Posted on September 1st, 2009 by Mindy Yong.
Categories: Singapore Real Estate News.

Development charges come down

Modest cuts reflect cautious stance by Government, say consultants

By Joyce Teo

THE Government has made some moderate cuts to the development charges which property developers pay for enhancing the use of non-landed residential sites, such as condominium sites.

This reflects the Government’s cautious outlook on the property market, some property consultants say, though one consultant queried any cut in the current red-hot residential market.

The rates for development charges fell by an average of 2 per cent, compared with a 15 per cent cut six months ago. These charges can vary from a few million dollars to tens of millions depending on the size of the project involved.

Some areas were unchanged while others were subject to bigger falls. The rate for Sentosa, for instance, got the biggest cut - 16.67 per cent - while there was a 10 per cent fall for the Balestier area.

There was no change in the latest regular six-monthly review in relation to landed private home sites and industrial sites.

Property consultants mostly said the cuts were within expectations.

This ‘reflects the Government’s cautious stance with regard to the outlook for the property market, in view of the still uncertain economic outlook’, said Colliers International’s director for research and advisory, Ms Tay Huey Ying.

‘This is especially prominent for the non-landed residential and industrial use group,’ she said.

DTZ’s head of SEA Research, Ms Chua Chor Hoon, was surprised that the charges were lowered for non-landed residential property given the rally in property prices from the secondquarter.

‘The Government is probably being cautious as there were hardly any land deals in the past six months,’ she added.

In a statement, CBRE Research said it believed the Government did not ‘tamper too much’ with the charges as developers started looking for development sites seriously only in July.

‘It is heartening to note that the Government had not been unduly influenced by the recent buying fever seen in the home sales market nor the rapidly rising interest seen for development sites,’ said Ms Tay.

There has been overwhelming interest in Singapore’s private homes market in recent months.
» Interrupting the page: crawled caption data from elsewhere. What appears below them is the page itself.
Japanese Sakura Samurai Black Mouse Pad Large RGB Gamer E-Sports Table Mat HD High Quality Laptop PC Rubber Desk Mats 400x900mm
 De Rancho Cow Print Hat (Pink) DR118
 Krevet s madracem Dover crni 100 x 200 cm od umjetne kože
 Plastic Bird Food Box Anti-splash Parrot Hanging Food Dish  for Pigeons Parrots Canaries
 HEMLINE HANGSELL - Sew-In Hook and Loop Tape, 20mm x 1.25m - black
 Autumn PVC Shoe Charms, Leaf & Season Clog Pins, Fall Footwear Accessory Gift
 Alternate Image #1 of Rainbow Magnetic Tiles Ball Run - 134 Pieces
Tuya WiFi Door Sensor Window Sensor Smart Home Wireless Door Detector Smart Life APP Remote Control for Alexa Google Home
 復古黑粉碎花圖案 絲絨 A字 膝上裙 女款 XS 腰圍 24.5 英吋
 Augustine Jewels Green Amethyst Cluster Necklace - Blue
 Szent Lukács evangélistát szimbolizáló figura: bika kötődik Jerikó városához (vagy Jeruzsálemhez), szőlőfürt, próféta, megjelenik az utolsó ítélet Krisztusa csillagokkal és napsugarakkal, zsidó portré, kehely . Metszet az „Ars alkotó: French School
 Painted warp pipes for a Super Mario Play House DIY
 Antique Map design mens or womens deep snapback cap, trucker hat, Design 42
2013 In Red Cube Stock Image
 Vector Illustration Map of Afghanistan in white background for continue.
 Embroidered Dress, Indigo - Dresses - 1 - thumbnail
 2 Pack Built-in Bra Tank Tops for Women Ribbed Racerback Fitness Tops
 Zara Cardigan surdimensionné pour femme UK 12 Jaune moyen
Developers have of late shown strong interest in buying land.

Developers will still be keen on redeveloping or acquiring new development sites as the demand for residential properties is still expected to be healthy in the coming months, said Ngee Ann Polytechnic real estate lecturer Nicholas Mak.

But the overall 2 per cent drop in non-landed residential development charge rates is too small to spur collective sales, he said.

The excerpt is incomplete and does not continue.